Siting a high school in Mattapan has long been a Yancey crusade. In 2000, he managed to get a unanimous vote from the council approving a loan order for a school to be built there only to have Mayor Thomas Menino veto the proposal. “It’s been difficult ever since to get the critical mass on the city council to make this pass,” Yancey said.

Every community member who testified spoke in support of the Yancey proposal. Speakers included the head of the Boston Teachers Union, a number of former BPS teachers and administrators, Cynthia Lewis of Mattapan United, and radio host and former mayoral candidate Charles Clemons. And a letter of support from the Boston’s NAACP chapter was put into the record.

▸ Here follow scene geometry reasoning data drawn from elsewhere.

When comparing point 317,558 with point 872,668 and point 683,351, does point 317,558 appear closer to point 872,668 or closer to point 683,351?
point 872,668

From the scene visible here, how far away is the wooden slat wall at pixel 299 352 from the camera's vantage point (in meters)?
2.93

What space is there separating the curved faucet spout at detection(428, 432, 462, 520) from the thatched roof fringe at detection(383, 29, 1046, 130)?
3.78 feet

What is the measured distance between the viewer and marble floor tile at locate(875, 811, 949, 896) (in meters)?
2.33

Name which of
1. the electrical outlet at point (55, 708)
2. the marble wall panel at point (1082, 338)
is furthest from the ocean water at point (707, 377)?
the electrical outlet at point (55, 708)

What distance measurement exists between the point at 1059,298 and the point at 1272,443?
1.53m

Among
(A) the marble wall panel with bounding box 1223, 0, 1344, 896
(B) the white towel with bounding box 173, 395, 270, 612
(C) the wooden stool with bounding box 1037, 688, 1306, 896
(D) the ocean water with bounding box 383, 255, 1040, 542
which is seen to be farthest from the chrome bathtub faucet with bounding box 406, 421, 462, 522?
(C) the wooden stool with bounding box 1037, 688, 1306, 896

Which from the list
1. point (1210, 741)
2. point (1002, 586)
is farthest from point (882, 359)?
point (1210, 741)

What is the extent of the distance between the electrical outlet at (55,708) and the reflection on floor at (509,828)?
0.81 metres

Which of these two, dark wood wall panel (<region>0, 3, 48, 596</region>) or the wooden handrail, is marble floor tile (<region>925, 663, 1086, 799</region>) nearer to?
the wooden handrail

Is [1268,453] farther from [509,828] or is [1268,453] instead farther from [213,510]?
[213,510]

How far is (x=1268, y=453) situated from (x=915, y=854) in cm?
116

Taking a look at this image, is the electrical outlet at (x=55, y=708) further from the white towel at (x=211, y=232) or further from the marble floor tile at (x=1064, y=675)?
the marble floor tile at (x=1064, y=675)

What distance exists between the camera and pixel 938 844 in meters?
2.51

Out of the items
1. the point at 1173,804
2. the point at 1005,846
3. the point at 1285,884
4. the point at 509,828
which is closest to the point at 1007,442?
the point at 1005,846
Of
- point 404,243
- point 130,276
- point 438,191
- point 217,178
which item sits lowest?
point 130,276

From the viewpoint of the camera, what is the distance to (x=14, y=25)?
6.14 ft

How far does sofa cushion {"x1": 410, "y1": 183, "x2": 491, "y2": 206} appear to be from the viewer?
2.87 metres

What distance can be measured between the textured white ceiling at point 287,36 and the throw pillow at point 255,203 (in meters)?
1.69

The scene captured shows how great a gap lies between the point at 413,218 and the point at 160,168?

A handful of people called out Mayor Martin Walsh for not attending the hearing. “Where is our mayor here?” asked Curt Rollins, a Dorchester resident. “Where was he? When he was out here trying to get our vote, he promised the world. Where is he now?”Walsh was not invited to attend or testify at the hearing, according to his spokesperson, Kate Norton. The proposed loan order requires two readings in front of the City Council before being signed or vetoed by the mayor.

One community member, Rudy Cabral, used a comparison to make the case that the city should assess its priorities when considering funding a new school in Mattapan. “If you guys go forward with the Olympics and you can’t build a high school,” he said, “that’s terrible.”